Around this time, I was emailing various people who had success with completing their own old game reversing projects, and it was the author of the Cosmore project who described an approach which worked for him that I could see myself adapting. We can still compare the binaries even if they are not identical. Let’s say we had a tool which would analyze the machine code, disassembling the opcodes as it went along. Start with the main functions of your recreation and the original, and keep comparing the machine instructions. If you encounter a different instruction, that means there’s a discrepancy between the original and the recreation that needs to be fixed. But even if the instructions match, the tool will also encounter differences with regards to the addresses these instructions use to reference data, because that data is located at different locations in the two binaries. Instead of trying to get the locations to match, the tool ignores the difference, and records the mapping of the reconstructed offset onto an original offset in a reference dictionary for later. It’s just a matter of doing the right thing for different data access patterns - for example, stack-based accesses that refer to local data should match, but that’s relatively easy to accomplish - just declare the stack variables in the same order. Whenever it encounters a function call, put the destination into a queue, and go through all the functions in a DFS sort of approach. When it encounters a reference mismatch, it looks in the dictionary if a mapping between a reconstructed offset and a original one exists in the dictionary, and if it is the same as encountered before. You could have an ignore list for functions which you want to skip in the comparison for some reason - basically, this approach enables total flexibility in adapting the algorithm to the task.

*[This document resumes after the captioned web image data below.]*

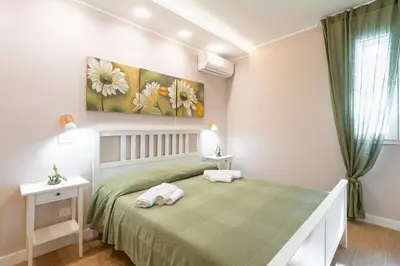 Letto o letti in una camera di Borgo Luciana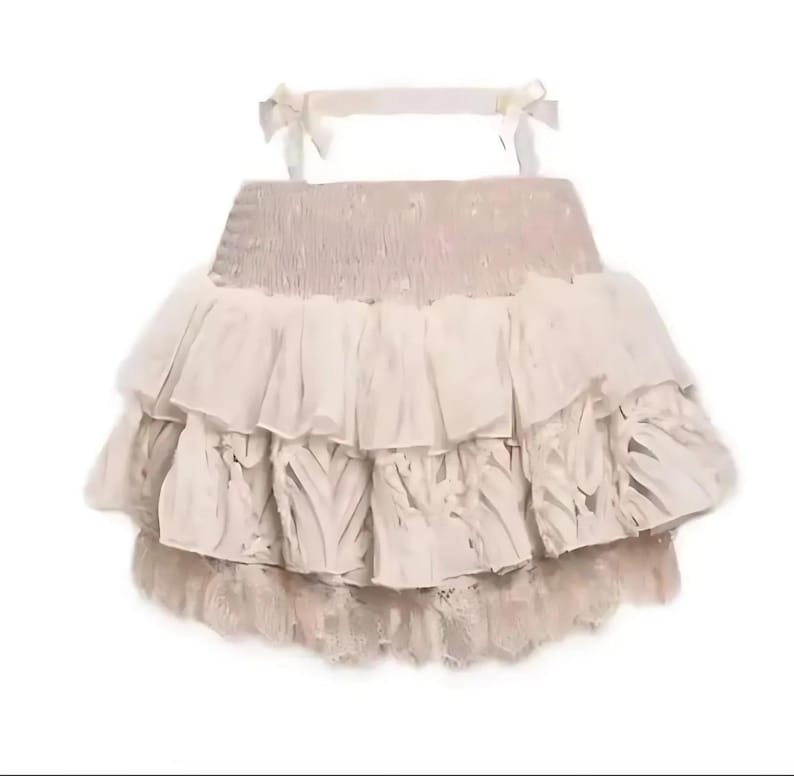 May include: A beige ruffled skirt with lace trim. The skirt has a gathered waistband and multiple layers of ruffles.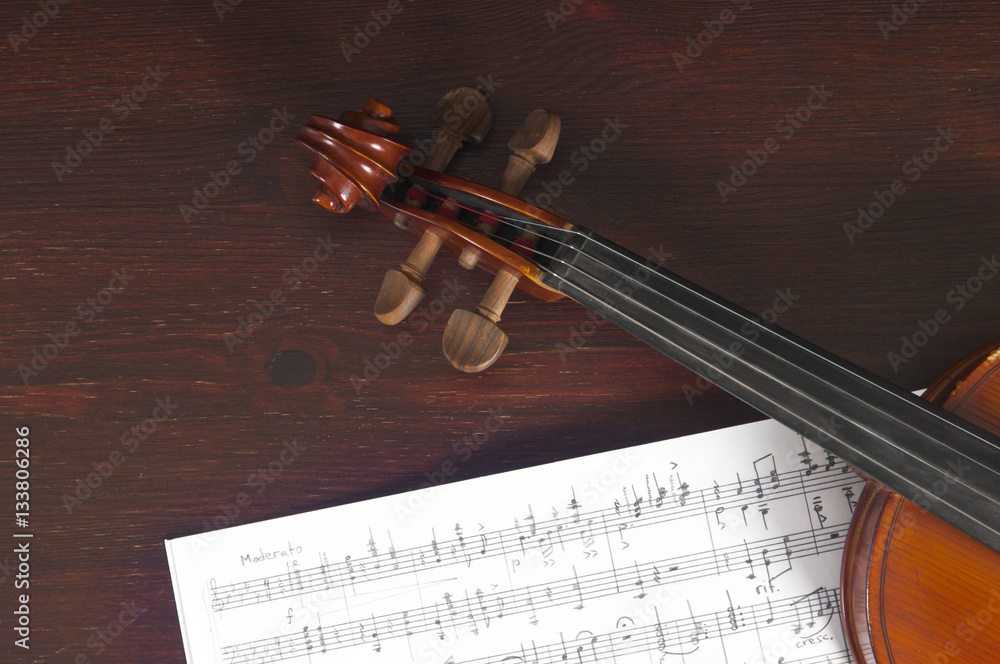 Naklejka premium Music notes and violin on table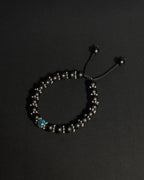 A beaded adjustable bracelet with matte black onyx beads, small metallic spacer beads, and a single blue apatite bead, displayed on a dark background.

Since mzretools already does disassembly, I am currently adapting its code to be able to perform this, shall we say, semantical comparison. It comes at a buy-in initial cost as well, but it’s much less than implementing a somewhat full-featured emulator with state recording, and it’s much more likely to provide a credible metric of similarity between individual functions of the recreation and the original, that can be applied to an iterative process, where I am implementing functions one by one, and getting instant feedback on whether they are correct or not.

Whew, this was long, but I needed to have this thought process documented. I don’t expect to have more posts like this one about the game - from now on it will be just the technical stuff. ;)